Request for review (M): 8002144: G1: large number of evacuation failures may lead to large c heap memory usage

Bengt Rutisson bengt.rutisson at oracle.com
Fri Feb 1 15:10:03 UTC 2013


Hi all,

Could I have a couple of reviews for this change?
http://cr.openjdk.java.net/~brutisso/8002144/webrev.00/

For the evacuation failure handling in G1 we need to store the mark word 
for objects that we self-forward. We store these mark words in two 
GrowableArrays. The problem is that if we have a lot of objects that 
need to be self-forwarded we will add a lot of entries to the 
GrowableArrays. These arrays will double in size when they get full. 
Worst case these arrays can require more consecutive free memory than is 
available in the OS malloc heap.

I have a test (ManyObjects) that runs out of native memory on Windows 32 
bit platforms because of this issue. We want to double from 10MB to 20MB 
when we hit native out of memory.

My fix for this will reduce the risk for native out of memory. Instead 
of doubling the size I introduce a chunked data structure that will only 
malloc one new chunk when it gets full. This requires less consecutive 
memory. It also has the nice side effect that we don't have to copy the 
entries when we need more memory.

Without this fix I get native out of memory about every three runs of 
the test. With this fix the test has been running for several days and 
more than 5600 iterations.

The chunk size is variable but has a max limit. I use 40 entries as 
initial size since this is what the GrowableArrays used. I picked 10000 
as the maximum size. The value 10000 can probably be tuned further, but 
100000 was too much (I still got native OOME) and 10000 works fine.

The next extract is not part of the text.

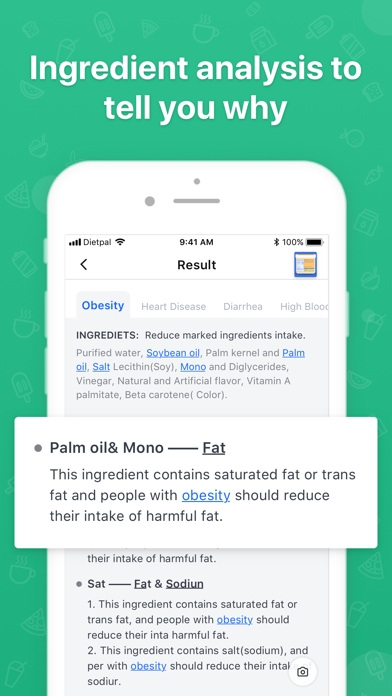 DietPal - Identify Ingredients screenshot 2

I have been comparing GC pause times with and without my fix for the 
ManyObjects test. I don't see any large differences in the pause times. 
This will only affect performance for runs that have a lot of evacuation 
failures. These runs will benefit form the fact that we don't have to do 
as much copying as before, but they will also do several more mallocs 
compared to before my fix. The runs I've done indicate that this evens 
out. I can't see any large differences.